L'amour se distingue du désir, considéré comme la relation-limite qui s'établit de tout organisme à l'objet qui le satisfait. Car sa visée n'est pas de satisfaction, mais d'être. C'est pourquoi on ne peut parler d'amour que là où la relation symbolique existe comme telle.

Apprenez à distinguer maintenant l'amour comme passion imaginaire, du don actif qu'il constitue sur le plan symbolique. L'amour, l'amour de celui qui désire être aimé, est essentiellement une tentative de capturer l'autre dans soi-même, dans soi-même comme objet. La première fois que j'ai parlé longuement de l'amour narcissique, c'était, souvenez-vous-en, dans le prolongement même de la dialectique de la perversion.

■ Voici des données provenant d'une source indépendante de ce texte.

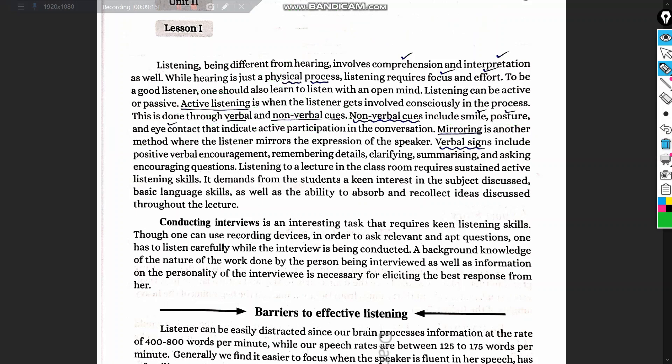Active listening involves both verbal and non-verbal cues. That concludes this module. Please watch this video and read the notes — I'm sure it will be of help. Thank you.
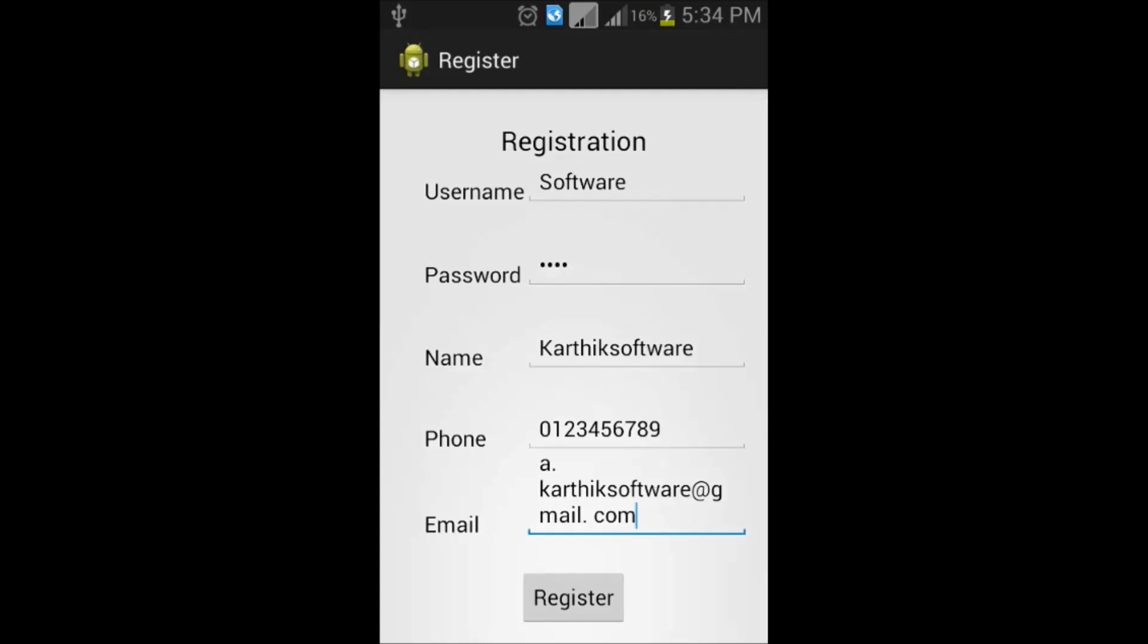Yeah, that's it. Then, click on the register button. It will save on database.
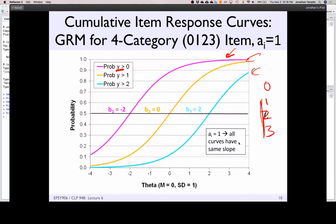You would interpret that line just like any other IRT-type curve. If you have a two-category item, that item characteristic curve is still the probability of Y being greater than zero. For a person with ability of negative two on this item: they have a 50% chance of having a score greater than zero, about a 12% chance of having a score greater than one, and a 2% chance of having a score greater than two.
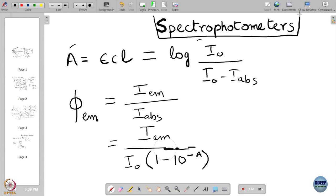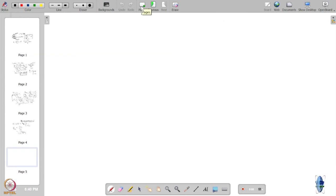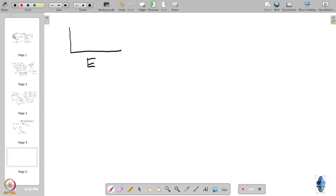Emission spectrophotometers can be more specialized; some that allow you to look at fluorescence are called fluorimeters. What is fluorescence we will discuss later. In a typical spectrophotometer the output is a plot where the x-axis is energy or some measure of it, and the y-axis is intensity — absorbance for absorption spectra, or intensity of emission for emission spectra.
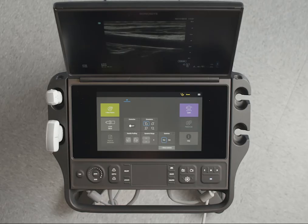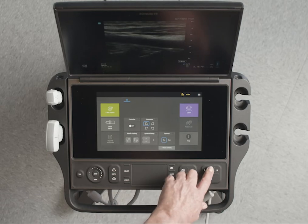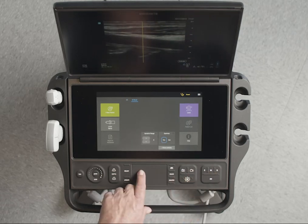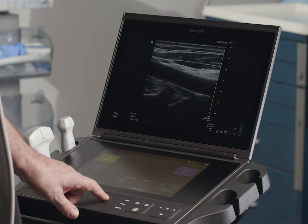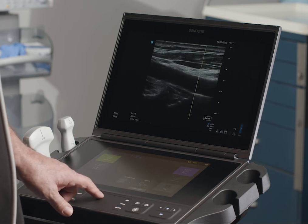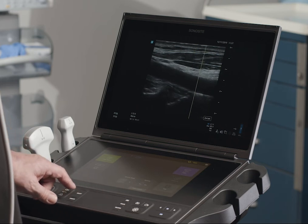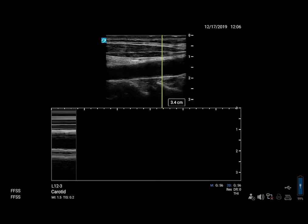Now let's change to M Mode, which provides a trace of the 2D image displayed over time. Slide the M line to the desired spot on the screen with the touchpad, and then press the Update Control to activate.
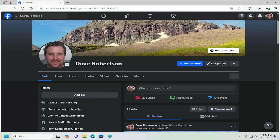Hello everyone, how are you doing? This is MD Tech here for another quick tutorial. In today's tutorial, I'm going to show you guys how to hide your relationship status from appearing on your Facebook profile page. So this should hopefully be a pretty straightforward process here, guys. And without further ado, let's go ahead and jump right into it.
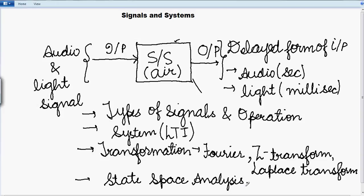So after the completion of this subject, we will be in a position to calculate the different responses of the systems and to know the frequency contents present in the signals after it has been processed from the system and whether the system is stable or not.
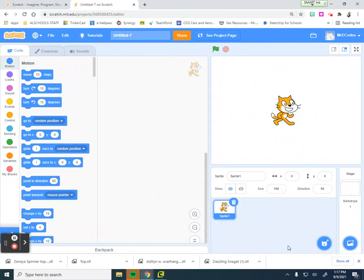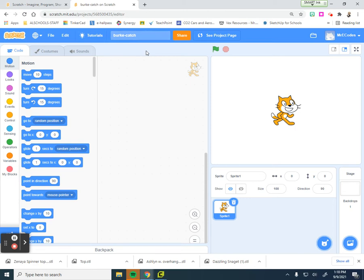This video is going to be your next project where we're going to create either a catch or an avoid game. You're going to create a game where you're trying to avoid something — think of Pac-Man where you're trying to avoid the ghosts, or a dodgeball type game — or you're going to try to catch something. Working on and getting our concepts of coordinate grids. I'm going to make mine a catch game.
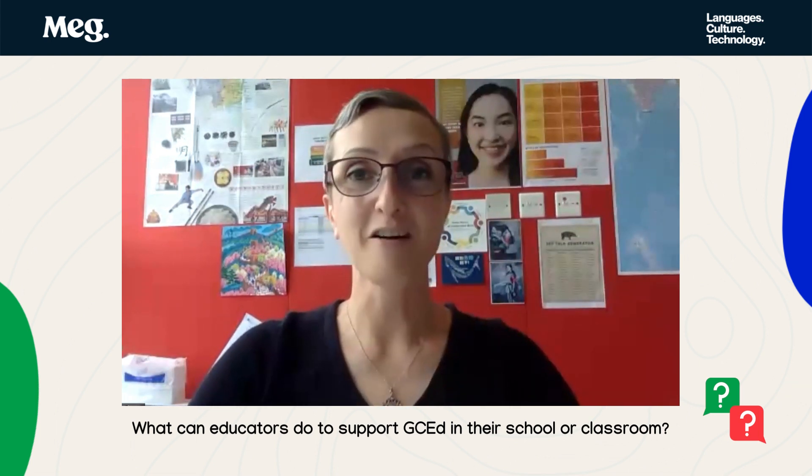I would throw out there Julia Fliss as an incredible example of a global collaborator who's just doing stunning things.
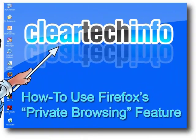In this video tutorial, I will show you how to use Firefox's private browsing feature.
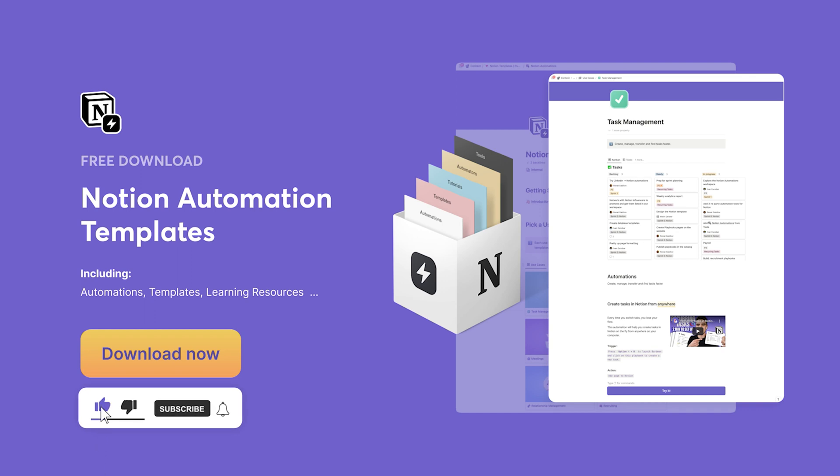For more awesome Notion automations just like this one, subscribe to this channel and check out other videos on how you can automate your manual workflows. I'll see you in the next video. Cheers.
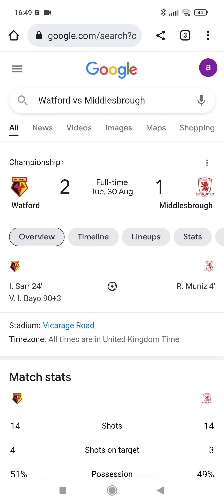We've been playing well. Munez scored within 4 minutes. Sar then equalized for Watford. Bayo then scored in the 90 plus 3 minute to break all of them Borough fans' hearts. I wasn't there, but I watched it.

Le désir d'être aimé, c'est le désir que l'objet aimant soit pris comme tel, englué, asservi dans la particularité absolue de soi-même comme objet. Celui qui aspire à être aimé se satisfait fort peu, c'est bien connu, d'être aimé pour son bien. Son exigence est d'être aimé aussi loin que peut aller la complète subversion du sujet dans une particularité, et dans ce que cette particularité peut avoir de plus opaque, de plus impensable. On veut être aimé pour tout – pas seulement pour son moi, comme le dit Descartes, mais pour la couleur de ses cheveux, pour ses manies, pour ses faiblesses, pour tout.

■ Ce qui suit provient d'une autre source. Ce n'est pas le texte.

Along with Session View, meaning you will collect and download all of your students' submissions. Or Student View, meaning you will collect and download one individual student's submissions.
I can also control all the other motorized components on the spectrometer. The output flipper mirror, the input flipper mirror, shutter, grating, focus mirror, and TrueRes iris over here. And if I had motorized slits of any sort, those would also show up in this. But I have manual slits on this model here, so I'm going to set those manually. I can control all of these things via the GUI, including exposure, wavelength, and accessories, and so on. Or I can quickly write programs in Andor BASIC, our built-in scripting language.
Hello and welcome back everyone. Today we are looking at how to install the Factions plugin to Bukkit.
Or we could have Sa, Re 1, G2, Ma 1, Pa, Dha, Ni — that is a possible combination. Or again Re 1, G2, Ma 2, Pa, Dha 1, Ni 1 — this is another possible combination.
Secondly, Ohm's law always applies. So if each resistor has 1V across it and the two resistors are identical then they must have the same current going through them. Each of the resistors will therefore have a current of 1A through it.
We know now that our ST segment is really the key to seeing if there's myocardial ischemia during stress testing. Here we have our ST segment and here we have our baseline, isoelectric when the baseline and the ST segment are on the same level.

Mais inversement, et je dirai corrélativement, à cause de cela même, aimer c'est aimer un être au-delà de ce qu'il apparaît être. Le don actif de l'amour vise l'autre, non pas dans sa spécificité, mais dans son être.

 

O. Mannoni : – C'est Pascal qui disait cela, ce n'est pas Descartes.

 

Il y a un passage dans Descartes sur l'épuration progressive du moi au-delà de toutes les qualités particulières.

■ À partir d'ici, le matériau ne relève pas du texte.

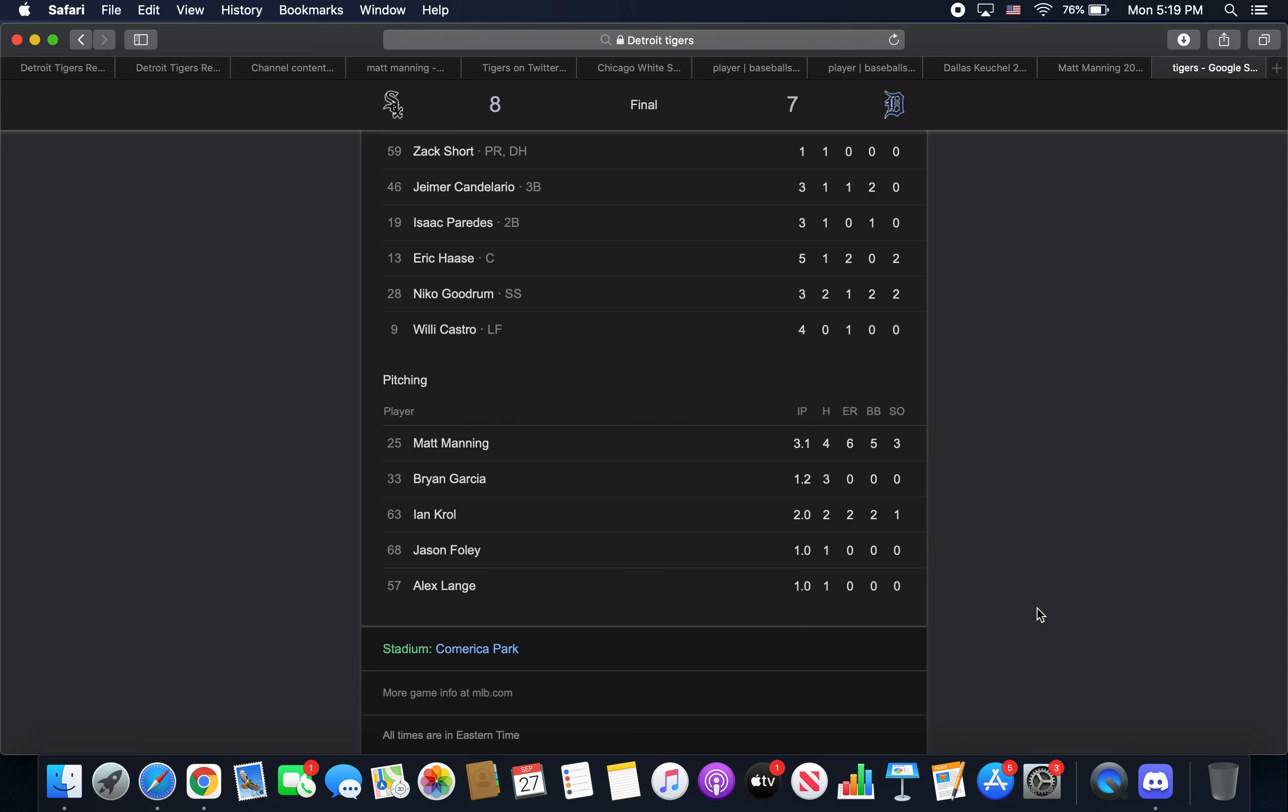Brian Garcia came in and he did not limit the damage. He gave up a double to score one of Matt's earned runs when he came out, and he also had a couple hard hit balls but no earned runs for him. Three hits given up. That's kind of a Brian Garcia line. I don't know why we trusted him to get us out of the jam. I would have maybe put in Foley before Garcia, but that's what we went with.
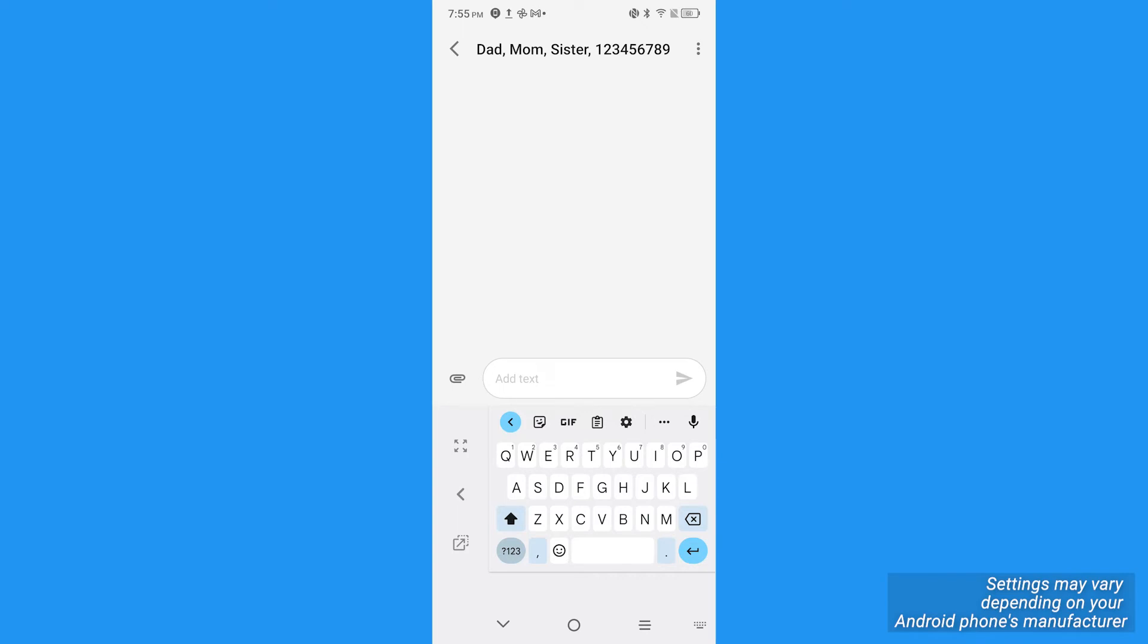Now, if you get added to a group chat and you no longer want to be in it for whatever reason, open the messages app and open the thread of the chat you want to leave. Tap the settings icon, which is usually the three dots in the upper right corner.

Mais vous n'avez pas tort, pour autant que Pascal essaie de nous emmener au-delà de la créature.

 

O. Mannoni : -il l’a dit carrément.

 

Oui, mais c'était dans un mouvement de rejet.

L'amour, non plus comme passion mais comme don actif, vise toujours, au-delà de la captivation imaginaire, l'être du sujet aimé, sa particularité. C'est pourquoi il peut en accepter très loin les faiblesses et les détours, il peut même en admettre les erreurs, mais il y a un point où il s'arrête, un point qui ne se situe que de l'être – quand l'être aimé va trop loin dans la trahison de lui-même et persévère dans la tromperie de soi, l'amour ne suit plus.

Cette phénoménologie repérable à l'expérience, je ne vous en fais pas tout le développement. Je me contente de vous faire remarquer que l'amour, en tant qu'il est une des trois lignes de partage dans laquelle s'engage le sujet quand il se réalise symboliquement dans la parole, se dirige vers l'être de l'autre. Sans la parole en tant qu'elle affirme l'être, il y a seulement Verliebtheit,fascination imaginaire, mais il n'y a pas l'amour. Il y a l'amour subi, mais non pas le don actif de l'amour.

Eh bien, la haine, c'est la même chose. Il y a une dimension imaginaire de la haine, pour autant que la destruction de l'autre est un pôle de la structure même de la relation intersubjective. C'est, je vous l'ai indiqué, ce que Hegel reconnaît comme l'impasse de la coexistence de deux consciences, d'où il déduit son mythe de la lutte de pur prestige. Là même, la dimension imaginaire est encadrée par la relation symbolique, et c'est pourquoi la haine ne se satisfait pas de la disparition de l'adversaire. Si l'amour aspire au développement de l'être de l'autre, la haine veut le contraire, soit son abaissement, son déroutement, sa déviation, son délire, sa négation détaillée, sa subversion. C'est en cela que la haine, comme l'amour, est une carrière sans limite.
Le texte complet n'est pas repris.